### Exercise prompt
Please output exactly the lines from the one that holds "Six Zero Pro Tour Bag - Red" through the final line of the data, and nothing else; leave out any pictures.

### Source data
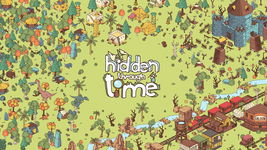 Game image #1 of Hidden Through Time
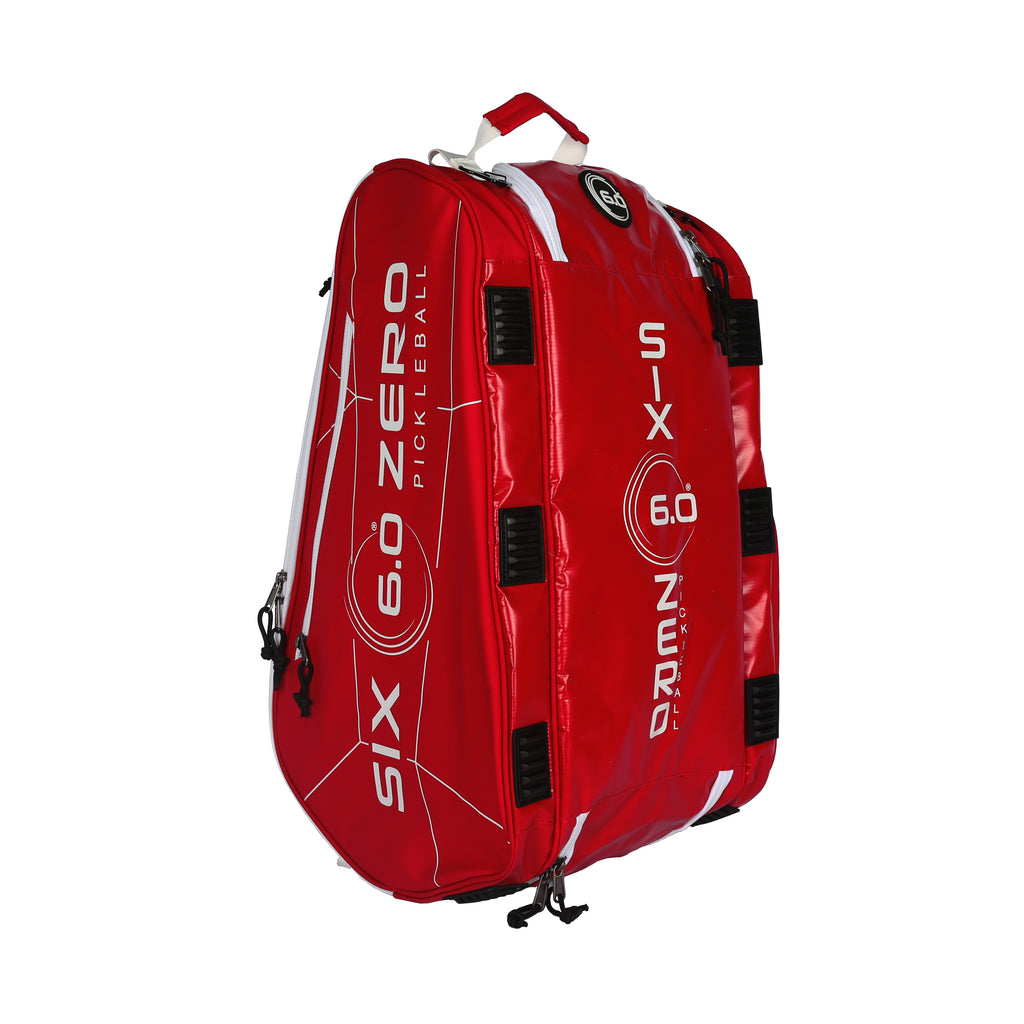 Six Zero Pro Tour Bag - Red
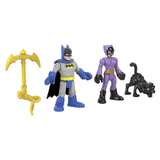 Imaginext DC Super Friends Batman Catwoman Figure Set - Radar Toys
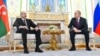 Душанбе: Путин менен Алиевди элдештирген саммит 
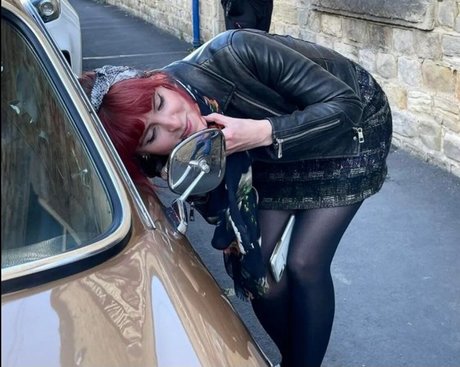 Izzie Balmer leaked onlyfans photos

### Result of the task
 Six Zero Pro Tour Bag - Red
 Imaginext DC Super Friends Batman Catwoman Figure Set - Radar Toys
 Душанбе: Путин менен Алиевди элдештирген саммит 
 Izzie Balmer leaked onlyfans photos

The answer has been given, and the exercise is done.